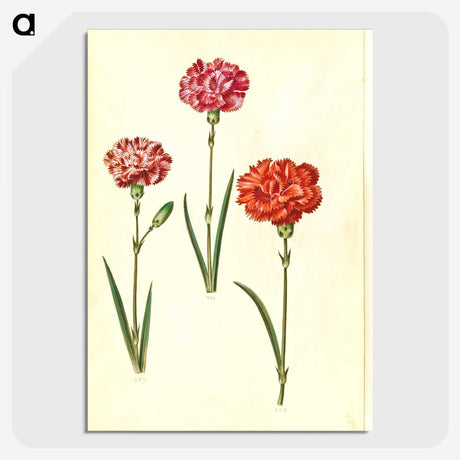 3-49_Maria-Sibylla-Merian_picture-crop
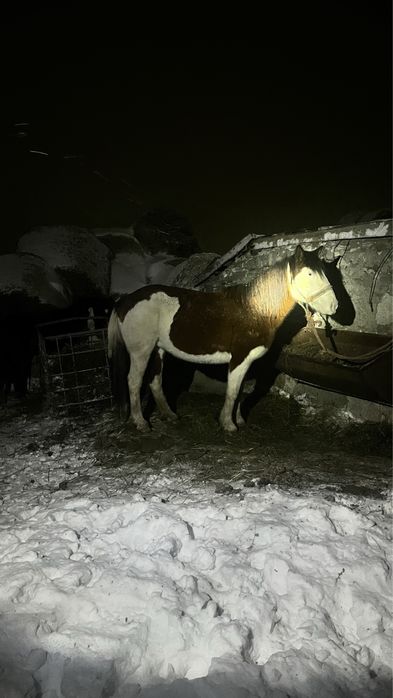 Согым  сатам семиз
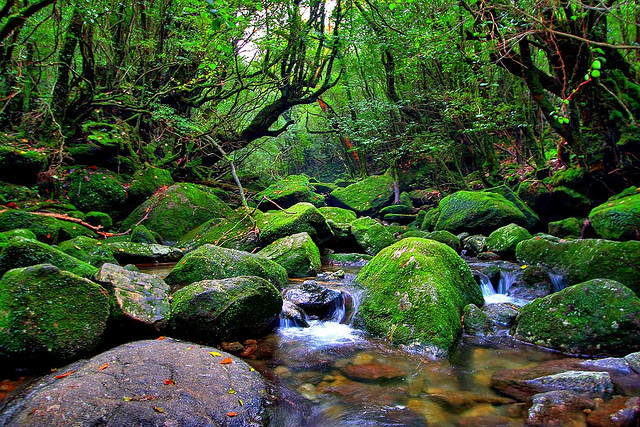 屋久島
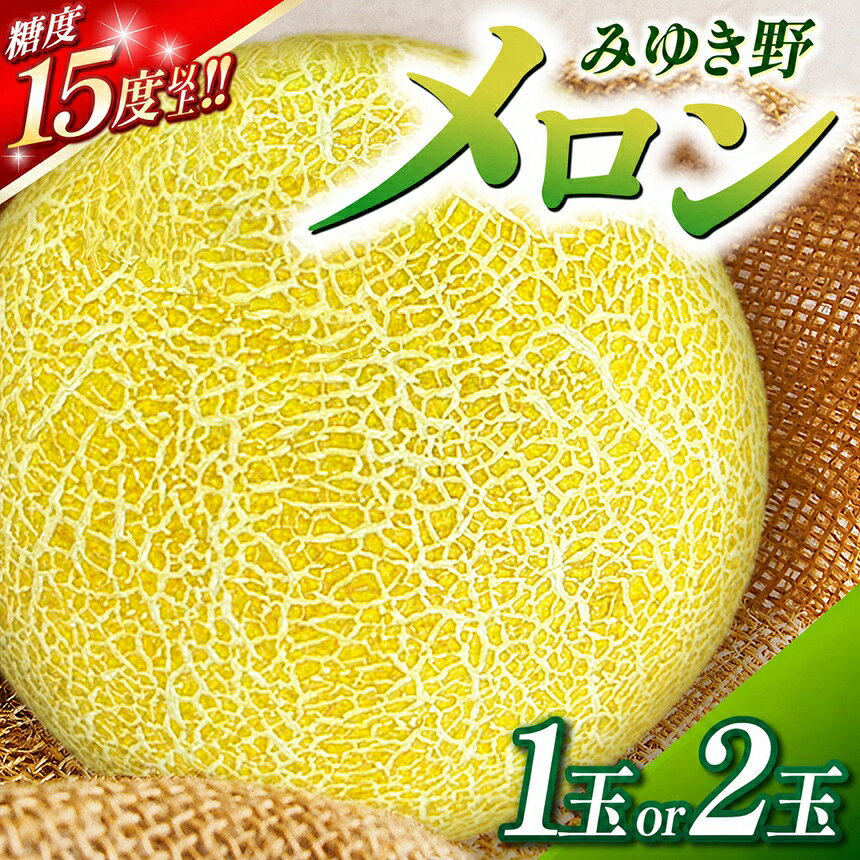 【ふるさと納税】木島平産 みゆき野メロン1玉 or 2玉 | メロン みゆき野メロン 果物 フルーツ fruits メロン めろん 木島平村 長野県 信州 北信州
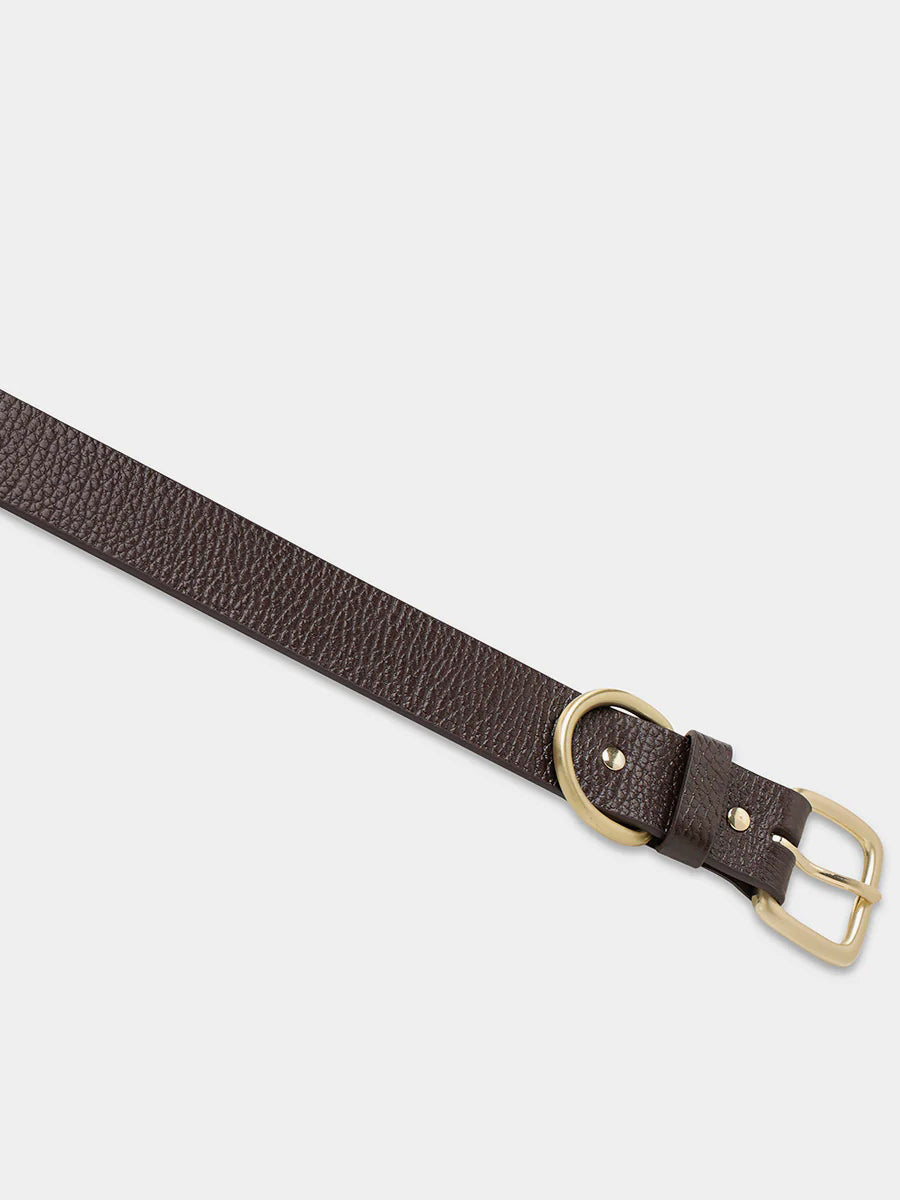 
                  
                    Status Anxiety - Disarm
==========
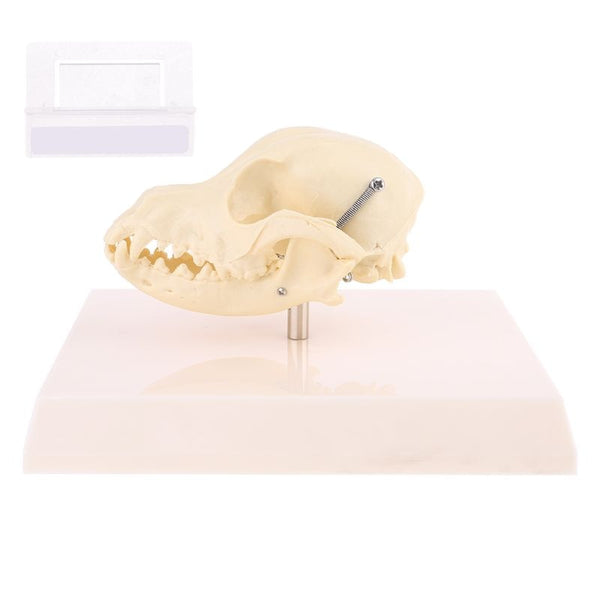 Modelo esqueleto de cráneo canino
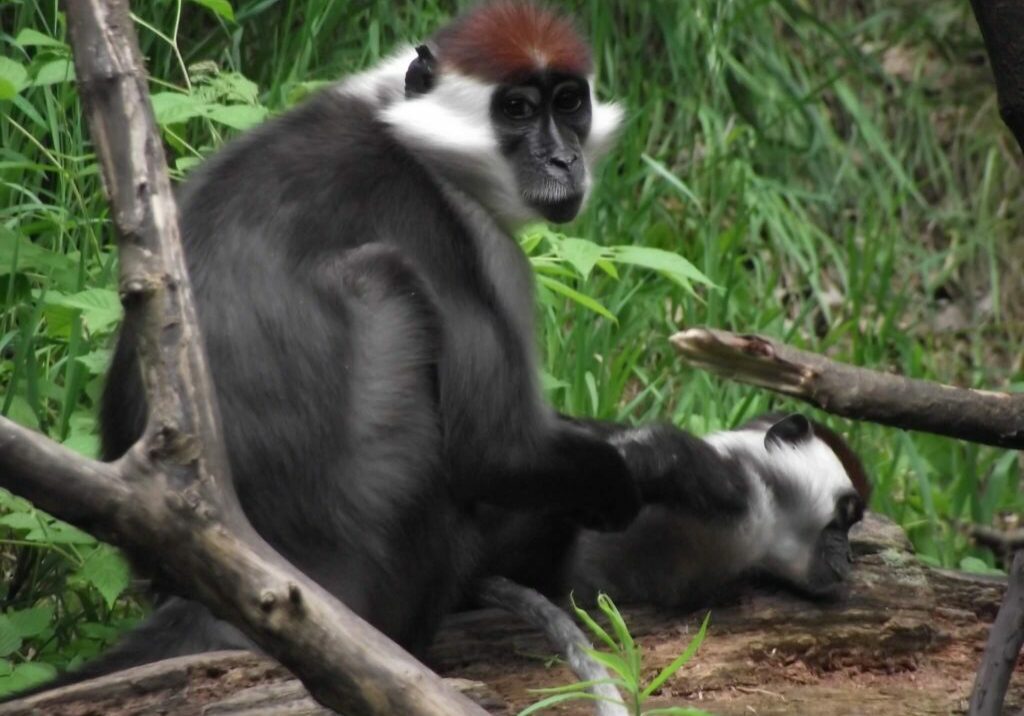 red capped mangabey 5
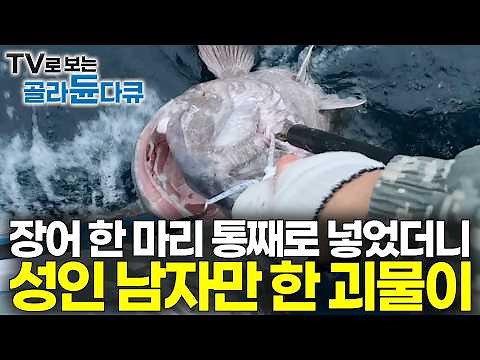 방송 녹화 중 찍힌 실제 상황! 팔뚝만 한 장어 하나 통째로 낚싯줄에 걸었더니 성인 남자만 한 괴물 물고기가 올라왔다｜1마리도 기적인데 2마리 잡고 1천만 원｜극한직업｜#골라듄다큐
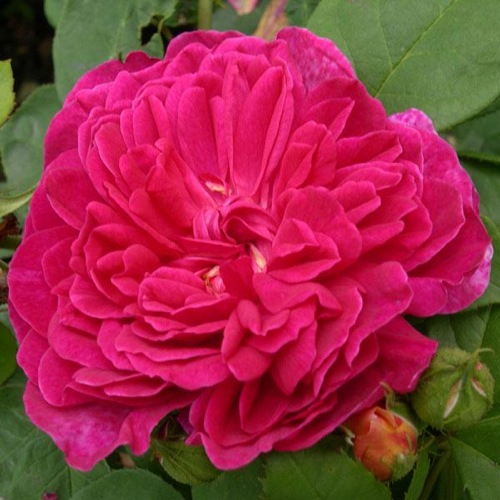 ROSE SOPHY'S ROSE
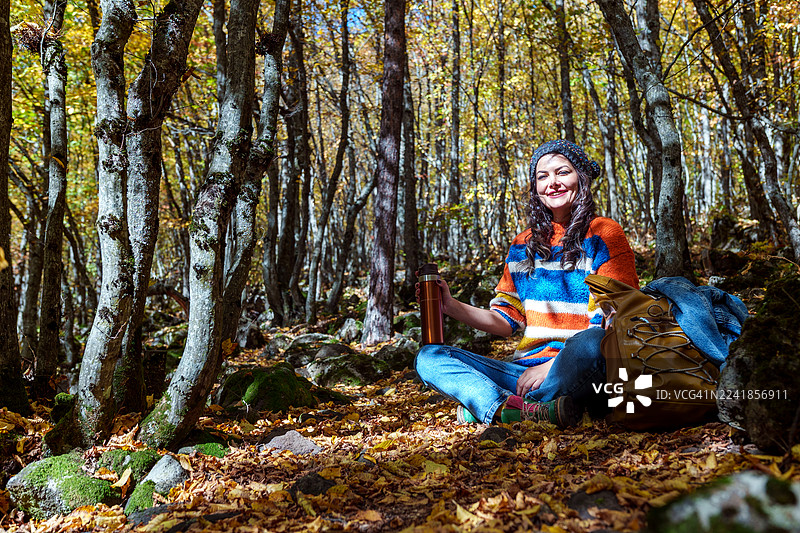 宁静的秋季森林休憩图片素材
==========
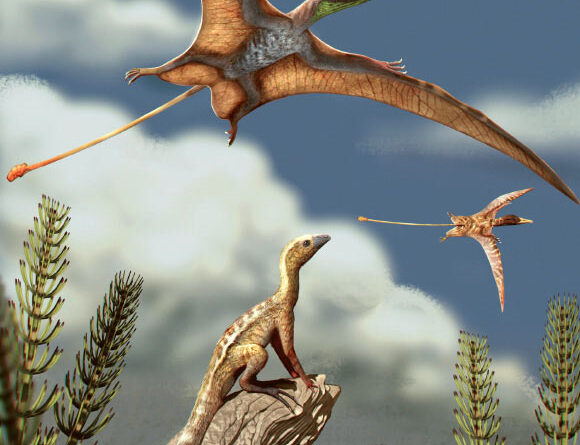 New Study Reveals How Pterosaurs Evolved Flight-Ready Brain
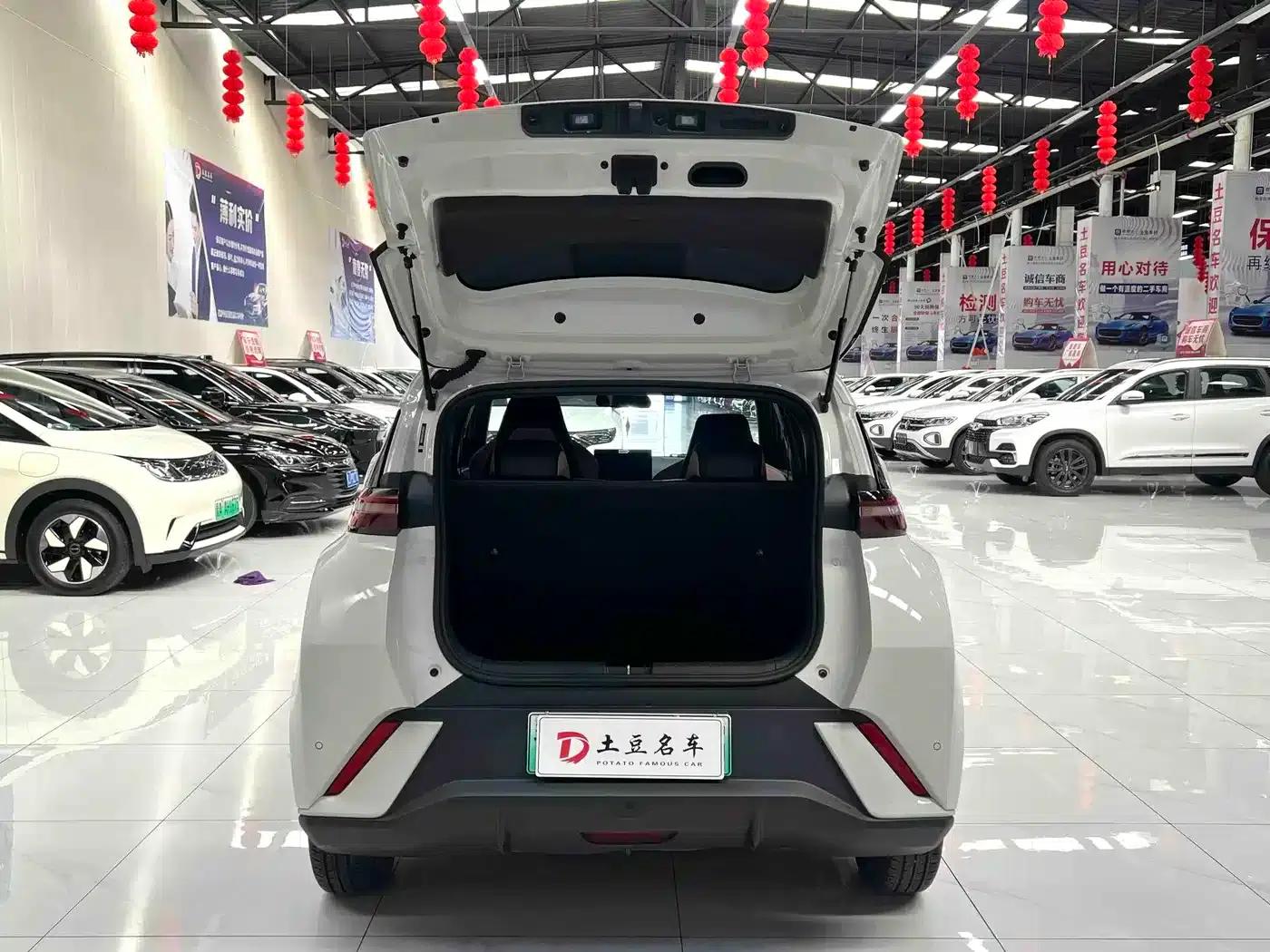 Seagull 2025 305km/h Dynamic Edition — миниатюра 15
==========
In the records above, copy exactly everything from the line that has "New Study Reveals" down to the line that has "Seagull 2025 305km/h", both ends included, and leave out the pictures.

Written answer —
 New Study Reveals How Pterosaurs Evolved Flight-Ready Brain
 Seagull 2025 305km/h Dynamic Edition — миниатюра 15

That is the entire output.